In [1]:
import os
os.chdir("../") # resets notebook directory to repository root folder (DO ONLY ONCE!)
import polars as pl
import pandas as pd
import pyarrow.parquet as pypq
import textwrap
from pathlib import Path
import time

from tqdm.auto import tqdm
tqdm.pandas()

In [7]:
import sys
# Add utils directory in the list of directories to look for packages to import
sys.path.insert(0, os.path.join(os.getcwd(),'utils'))
from read_parquet import *

Using PyArrow strings!


In [2]:
works_by_topic_parquet_folder = "data/works_by_topic_parquet/"
works2references_by_topic_parquet_folder = "data/works2references_by_topic_parquet/"
os.makedirs(works2references_by_topic_parquet_folder, exist_ok=True)

In [3]:
topics = [topic[:-8] for topic in os.listdir(works_by_topic_parquet_folder)]

In [4]:
len(topics)

4516

In [8]:
all_works2primary_topic_df = read_parquet("data/all_works2primary_topic_parquet/all_works2primary_topic.parquet")

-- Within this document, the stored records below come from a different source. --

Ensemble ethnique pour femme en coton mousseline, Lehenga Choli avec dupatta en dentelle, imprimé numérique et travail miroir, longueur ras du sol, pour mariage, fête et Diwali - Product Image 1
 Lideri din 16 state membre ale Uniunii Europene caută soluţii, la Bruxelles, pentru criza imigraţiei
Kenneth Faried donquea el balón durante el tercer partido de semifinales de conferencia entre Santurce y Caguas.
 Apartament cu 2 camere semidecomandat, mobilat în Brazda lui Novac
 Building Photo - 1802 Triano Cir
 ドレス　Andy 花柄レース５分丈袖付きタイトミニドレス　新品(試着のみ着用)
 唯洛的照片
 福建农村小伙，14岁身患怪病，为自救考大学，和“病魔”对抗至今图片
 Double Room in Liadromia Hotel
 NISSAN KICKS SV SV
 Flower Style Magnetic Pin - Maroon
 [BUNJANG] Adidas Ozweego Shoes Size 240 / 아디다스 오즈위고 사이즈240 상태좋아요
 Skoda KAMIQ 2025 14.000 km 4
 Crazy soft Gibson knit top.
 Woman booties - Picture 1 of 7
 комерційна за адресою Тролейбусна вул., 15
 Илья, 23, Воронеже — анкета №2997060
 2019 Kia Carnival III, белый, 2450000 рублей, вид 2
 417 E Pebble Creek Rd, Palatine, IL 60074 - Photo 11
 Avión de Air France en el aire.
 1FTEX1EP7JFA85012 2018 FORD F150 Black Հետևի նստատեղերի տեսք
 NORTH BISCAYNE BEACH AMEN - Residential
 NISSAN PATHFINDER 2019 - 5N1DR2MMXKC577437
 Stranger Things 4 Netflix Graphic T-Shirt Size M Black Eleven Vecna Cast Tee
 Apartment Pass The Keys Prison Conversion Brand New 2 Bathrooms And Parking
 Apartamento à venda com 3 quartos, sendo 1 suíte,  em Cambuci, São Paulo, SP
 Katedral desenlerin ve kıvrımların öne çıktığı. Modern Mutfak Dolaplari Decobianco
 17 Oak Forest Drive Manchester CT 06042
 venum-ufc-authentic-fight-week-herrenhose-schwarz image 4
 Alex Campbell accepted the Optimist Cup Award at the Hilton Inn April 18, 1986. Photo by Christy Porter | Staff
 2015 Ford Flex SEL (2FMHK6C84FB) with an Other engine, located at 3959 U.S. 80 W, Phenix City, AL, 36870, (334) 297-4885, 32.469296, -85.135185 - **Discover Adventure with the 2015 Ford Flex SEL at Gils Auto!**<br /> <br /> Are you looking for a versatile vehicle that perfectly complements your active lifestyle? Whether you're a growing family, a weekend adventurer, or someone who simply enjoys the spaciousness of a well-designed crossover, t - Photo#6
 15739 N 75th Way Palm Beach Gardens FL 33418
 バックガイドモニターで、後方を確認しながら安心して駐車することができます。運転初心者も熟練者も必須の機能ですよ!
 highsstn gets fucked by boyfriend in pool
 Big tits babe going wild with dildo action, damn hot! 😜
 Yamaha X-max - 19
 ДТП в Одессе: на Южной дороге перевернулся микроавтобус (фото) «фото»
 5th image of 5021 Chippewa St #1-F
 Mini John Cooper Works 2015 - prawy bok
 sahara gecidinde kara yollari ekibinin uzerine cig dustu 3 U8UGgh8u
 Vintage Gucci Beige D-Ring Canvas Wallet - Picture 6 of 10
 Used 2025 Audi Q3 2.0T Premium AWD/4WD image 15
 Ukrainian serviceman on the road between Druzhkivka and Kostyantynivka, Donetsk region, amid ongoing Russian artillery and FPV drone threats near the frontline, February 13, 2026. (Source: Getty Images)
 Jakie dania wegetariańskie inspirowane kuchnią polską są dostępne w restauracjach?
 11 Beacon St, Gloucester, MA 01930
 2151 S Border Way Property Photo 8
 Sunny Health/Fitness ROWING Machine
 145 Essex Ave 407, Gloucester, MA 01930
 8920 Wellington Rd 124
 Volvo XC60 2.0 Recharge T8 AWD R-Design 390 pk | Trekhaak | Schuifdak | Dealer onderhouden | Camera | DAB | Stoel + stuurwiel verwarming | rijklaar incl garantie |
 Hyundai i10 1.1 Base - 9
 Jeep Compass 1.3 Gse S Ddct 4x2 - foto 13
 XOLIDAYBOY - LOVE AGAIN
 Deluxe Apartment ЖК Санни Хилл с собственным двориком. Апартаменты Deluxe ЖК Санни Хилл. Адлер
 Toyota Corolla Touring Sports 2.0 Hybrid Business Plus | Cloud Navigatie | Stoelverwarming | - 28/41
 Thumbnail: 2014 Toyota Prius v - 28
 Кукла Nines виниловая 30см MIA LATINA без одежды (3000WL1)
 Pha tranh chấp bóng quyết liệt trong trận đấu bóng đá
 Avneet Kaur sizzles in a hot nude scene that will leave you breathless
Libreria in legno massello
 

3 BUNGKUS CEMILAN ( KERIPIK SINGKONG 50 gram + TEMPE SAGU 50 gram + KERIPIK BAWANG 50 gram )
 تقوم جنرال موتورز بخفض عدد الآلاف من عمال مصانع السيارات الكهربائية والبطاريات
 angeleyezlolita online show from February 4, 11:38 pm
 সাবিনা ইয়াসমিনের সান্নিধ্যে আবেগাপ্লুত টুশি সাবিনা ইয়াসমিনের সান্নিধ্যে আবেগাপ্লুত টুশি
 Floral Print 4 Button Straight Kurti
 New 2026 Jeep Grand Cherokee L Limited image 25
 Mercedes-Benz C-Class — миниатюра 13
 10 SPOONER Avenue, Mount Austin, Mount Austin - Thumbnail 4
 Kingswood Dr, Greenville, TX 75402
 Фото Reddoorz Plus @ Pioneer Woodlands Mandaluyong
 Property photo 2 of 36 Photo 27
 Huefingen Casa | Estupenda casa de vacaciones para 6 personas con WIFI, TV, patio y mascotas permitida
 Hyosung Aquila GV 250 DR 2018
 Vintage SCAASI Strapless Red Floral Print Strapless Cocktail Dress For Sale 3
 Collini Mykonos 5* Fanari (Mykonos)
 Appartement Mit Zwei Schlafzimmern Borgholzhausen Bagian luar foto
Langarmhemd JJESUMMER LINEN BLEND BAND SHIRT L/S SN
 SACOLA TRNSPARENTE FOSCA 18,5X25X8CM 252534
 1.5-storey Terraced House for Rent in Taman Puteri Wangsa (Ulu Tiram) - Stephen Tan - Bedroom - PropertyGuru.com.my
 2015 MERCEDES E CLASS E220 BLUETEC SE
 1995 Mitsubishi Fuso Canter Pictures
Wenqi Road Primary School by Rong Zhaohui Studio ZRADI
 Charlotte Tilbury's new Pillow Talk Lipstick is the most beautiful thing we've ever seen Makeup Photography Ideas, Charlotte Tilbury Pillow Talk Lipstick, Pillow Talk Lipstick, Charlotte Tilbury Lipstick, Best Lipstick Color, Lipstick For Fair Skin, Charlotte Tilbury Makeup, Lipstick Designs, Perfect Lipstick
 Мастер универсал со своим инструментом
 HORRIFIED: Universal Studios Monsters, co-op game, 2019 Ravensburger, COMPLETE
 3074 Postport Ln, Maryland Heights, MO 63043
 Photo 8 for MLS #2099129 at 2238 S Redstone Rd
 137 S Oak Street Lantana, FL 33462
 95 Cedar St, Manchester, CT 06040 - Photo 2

Reading 'all_works2primary_topic' from 'data/all_works2primary_topic_parquet/all_works2primary_topic.parquet' using engine='pyarrow'
Read 306,133,392 rows from 'all_works2primary_topic' in 33.00 sec.
Converting dtypes took 0.04 sec. Size before: 14.52GB, after: 14.52GB


Unnamed: 0,id,date,primary_topic
0,W7126435799,2026-02-01,T14064
1,W7126372280,2026-02-01,T14064
2,W7126447841,2026-01-31,T14064


In [9]:
all_works2primary_topic_df.rename(
    columns={"id": "referenced_work_id", "date": "referenced_publication_date", "primary_topic": "referenced_primary_topic"},
    inplace = True
)

In [16]:
def generate_reference_expansion(origin_works_parquet_file_path, all_works2primary_topic_df):
    works_df = read_parquet(origin_works_parquet_file_path, columns = ["id", "date", "references", "primary_topic"], quiet = True)
    
    # Step 1: Explode references are exploded into rows
    works_df = works_df[works_df["references"].apply(lambda x : len(x) > 0)]
    works_df["references"] = works_df["references"].apply(lambda x : x.split(";"))
    works_df = works_df.explode("references").rename(columns={"id": "work_id", "references": "referenced_work_id"})

    # Step 2: Join with metadata of the referenced works
    works_df = works_df.merge(all_works2primary_topic_df, on="referenced_work_id", how="inner")

    # Step 3: Select and reorder the final columns
    works_df = works_df[[
        "work_id", "date", "primary_topic",
        "referenced_work_id", "referenced_publication_date", "referenced_primary_topic"
    ]].rename(columns={"date": "publication_date"})

    return works_df
    
def create_works2references_df(origin_works_parquet_file_path, destination_topic_parquet_file_path, all_works2primary_topic_df, compression='brotli', do_peek = True, do_print = True):
    works2references_df = generate_reference_expansion(origin_works_parquet_file_path, all_works2primary_topic_df)
    works2references_df.to_parquet(destination_topic_parquet_file_path, compression=compression)
    if do_print:
        print(f"Successfully generated {destination_topic_parquet_file_path} using {origin_works_parquet_file_path}.")
    if do_peek:
        if do_print:
            print("Here's a peek.")
        peek_parquet(destination_topic_parquet_file_path)

In [15]:
for topic in tqdm(topics):
    origin_works_parquet_file_path = works_by_topic_parquet_folder+topic+".parquet"
    destination_topic_parquet_file_path = works2references_by_topic_parquet_folder+topic+".parquet"
    create_works2references_df(origin_works_parquet_file_path, destination_topic_parquet_file_path, all_works2primary_topic_df, do_peek = False, do_print = False)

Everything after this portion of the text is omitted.